(Record set begins)

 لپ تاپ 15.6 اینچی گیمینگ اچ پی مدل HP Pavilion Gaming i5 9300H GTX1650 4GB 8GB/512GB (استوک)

(Record set ends)
(Record set begins)

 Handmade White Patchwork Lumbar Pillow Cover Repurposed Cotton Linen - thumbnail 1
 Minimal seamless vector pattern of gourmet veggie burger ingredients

(Record set ends)
(Record set begins)

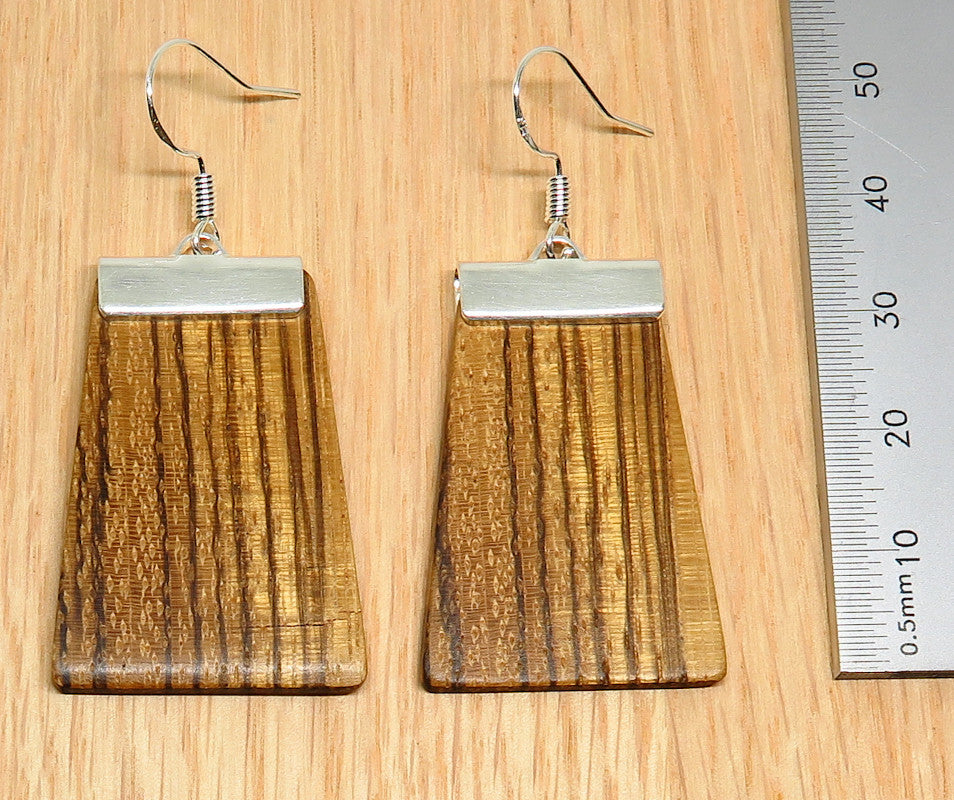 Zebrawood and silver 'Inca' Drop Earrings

(Record set ends)

**What is expected**
Please, from the entries above, set down exactly the lines from the one containing "Handmade White Patchwork" through the one containing "Minimal seamless vector", and only those.

**Result of the exercise**
 Handmade White Patchwork Lumbar Pillow Cover Repurposed Cotton Linen - thumbnail 1
 Minimal seamless vector pattern of gourmet veggie burger ingredients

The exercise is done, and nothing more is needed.